Given that I found one successful use of DBU to make an acrylamide (which is within shouting distance of a vinyl sulfone in terms of reactivity), I also wonder if the key to success is to consume the base more quickly in removing the proton from the Horner phosphonate than it removes a proton from FMOC.

I dont recall any of my SPS friends mentioning any troubles with TEA or DIPEA in peptide couplings or any other SP reactions but maybe their reactions were quicker than 10hrs.

I wonder if you could solve the possible deprotection issue by first reacting the phosphonate with 1 eq of base such as LiHMDS and then, after deprotonation, add the aminoacid aldehyde.
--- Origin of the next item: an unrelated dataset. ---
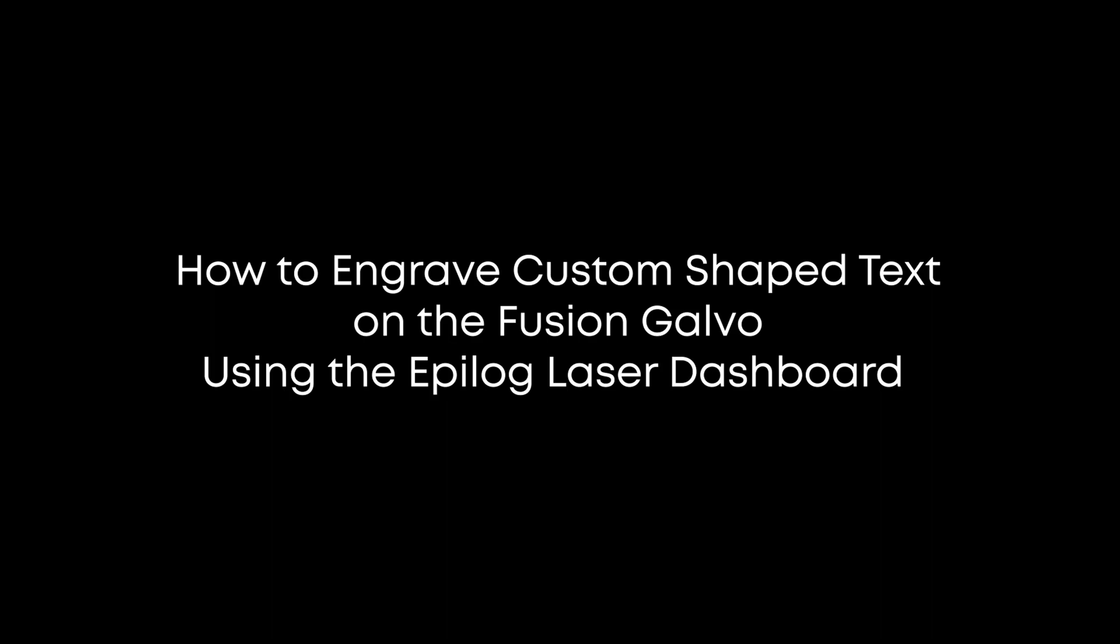Today, we're going to walk you through how to engrave a serial number that fits a specific shaped part on the Fusion Galvo using the Epilog dashboard features.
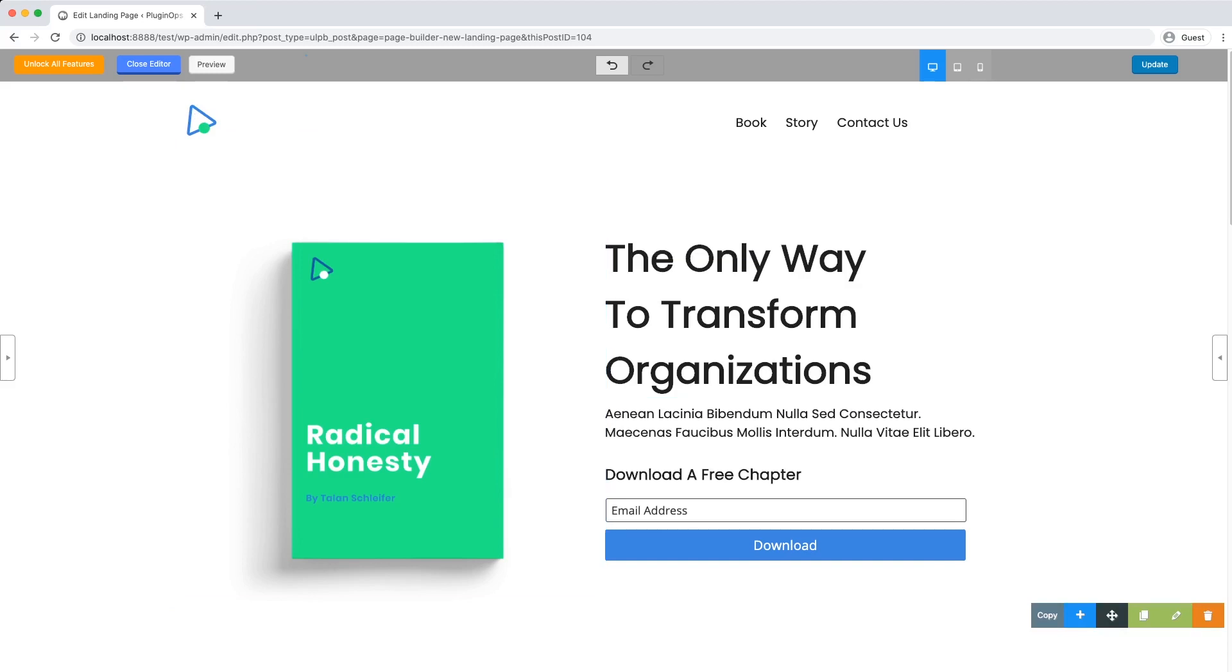So this is how you can set a lead magnet page on your WordPress website with PluginOps Landing Page Builder. If you have any queries or questions, you can leave them in comments below, or you can email us at support at PluginOps.com. Thank you.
Ive run HWE only once and I  just mixed all my stuff toghether but pre-forming the ylide might work as well


The order of addition is a good point that I had not considered.  When we use DBU, we always add the base to the phosphonate.  I will look at the order of addition used by the authors using other bases in closely related reactions.

Yes, I dont know the acidity of the phosphonate, maybe its more acidic then the Fmoc-proton. Its a good suggestion to mix the base and phosphonate first.

I wanted to return to the issue of reduction and assume for the moment that we reduce at the stage of having a BOC-protected dipeptide-like compound (right now this is strategy #2).  I was reading about solid phase synthesis of peptidyl-aldehydes in Chapter 6 of the book Fmoc Solid Phase Peptide Synthesis, A Practical Approach.  Some groups attach the peptide via a Weinreb amide-like linker.  When they reduced with LiAlH4 and hydrolyze, the linker breaks to release the peptide in the form of an aldehyde.  The authors of this chapter wrote, "As described previously (54), owing to the presence of several amide functions, the equivalent amount of LiAlH4 had to be increased with the length of the peptide."  I have not yet obtained the primary reference upon which this sentence is based, but I assume that it is a later paper.  One author of Chapter 6 is a coauthor of reference 54.  Reference 54 is "Synthesis of aldehydic peptides inhibiting renin" Fehrentz J-A, et al. Int. J. Peptide Protein Res. 26, 1985, 236-241.  PMID: 3902691  DOI: 10.1111/j.1399-3011.1985.tb03201.x
These authors used 8 equivalents of hydride (2 moles of LAH per mole of peptide) for a tripeptide, their compound 6. 

We have obtained good results with 1.5 equivalents Dibal-H for a BOC-protected amino acid-Weinreb amide; therefore, I was planning to start with this reducing agent.  What I am wondering is whether or not one could make an informed guess about the number of equivalents of Dibal-H that would be needed (offhand, I might guess 2.5 instead of 1.5).  The alternative is to make additions of this reagent empirically on the fly.

BTW, I recrystallized some dinitrophenyl hydrazine, which we use for a TLC dip.  It performs reasonably well for us, but DNP must be handled carefully. I have also heard of another reagent that detects aldehydes, but the name escapes me at the moment.